## DATA EXCERPT:
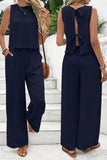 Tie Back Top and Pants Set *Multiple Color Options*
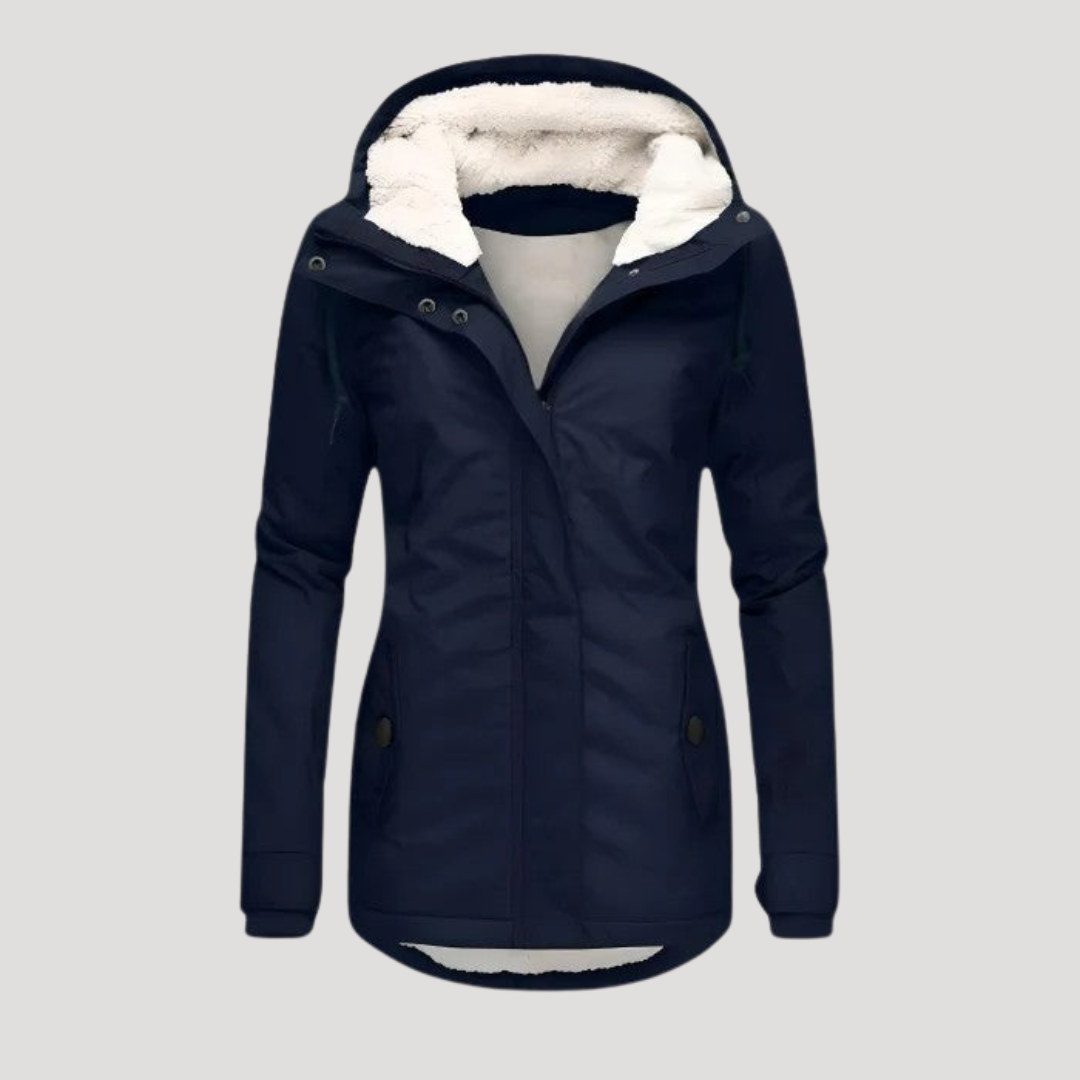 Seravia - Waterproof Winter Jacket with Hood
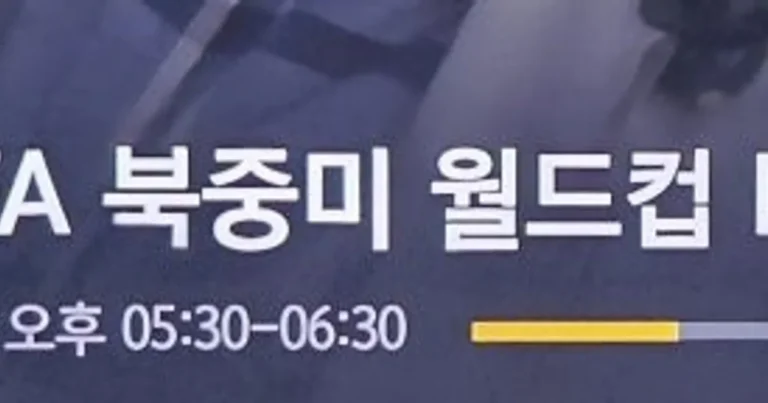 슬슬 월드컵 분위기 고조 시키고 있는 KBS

## DESCRIPTION OF THE TASK:
Set down word for word, from the line that contains "Seravia - Waterproof Winter Jacket with Hood" to the end of the listing above, every line and no picture.

## RESULT BELOW:
 Seravia - Waterproof Winter Jacket with Hood
 슬슬 월드컵 분위기 고조 시키고 있는 KBS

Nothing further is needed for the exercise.